Sunday, August 7, 2011

Ordinary Conversations

Part of the small-l-liberal tradition says that for one's life to go well, one must have freedom to live by standards one chooses, standards one believes in.

In the process of respecting one another, of living peaceably together, we need to have ordinary conversations in the public square where we respect each individual's basic right to live by his/her chosen standards. Kwame Anthony Appiah, a Princeton philosopher, says that the trouble is that, partly because of our present way of using communications technology, we tend to have millions of private squares instead of a public square. We must interact with people we disagree with and simultaneously get along with each other.

Where and how do we meet? What shall I do?

I believe I will continue to talk to neighbors and family with whom I know I differ politically. I will have ordinary conversations that sometimes go deep. Have conversations. Hold peace in my own heart and mouth. Know in my gut that just because you are right does not mean I am wrong. And vice versa.

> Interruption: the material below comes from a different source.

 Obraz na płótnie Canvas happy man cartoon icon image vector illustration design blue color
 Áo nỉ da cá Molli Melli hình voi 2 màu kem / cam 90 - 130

I, for one, notice and converse about the weather and my immediate experience with the natural world. Last night we had warm rain, and this morning the overarching sky is smooth, medium gray; the air is warm and heavy; the light is muted, shadowless.

Do you remember discovering your shadow when you were a small child? Did you run, try to step on your shadow head? Did you laugh when you got tall and twig-thin at dawn or dusk?

I walked down the old lane to the mail box, picked up today's Baltimore Sun, walked along the road in the open, non-wooded world, to our new lane. Horses graze so peacefully in the meadows the neighbors mowed just last week. Did they shelter during the actual rain fall? Perhaps, but they don't always. They seem impervious to the kind of easy rain we got last night, sometimes even seem to enjoy it. I can't say for sure, of course, for I don't know these horses well, we only have the most surface, casual, silent conversations, observing one another. I pay more attention to them than they pay to me.

I can not forget the terrible, brown and dying vegetation I saw on July 24 in western Berks County. I know we are blessed with rain, clouds and shadowless skies, and I am thankful.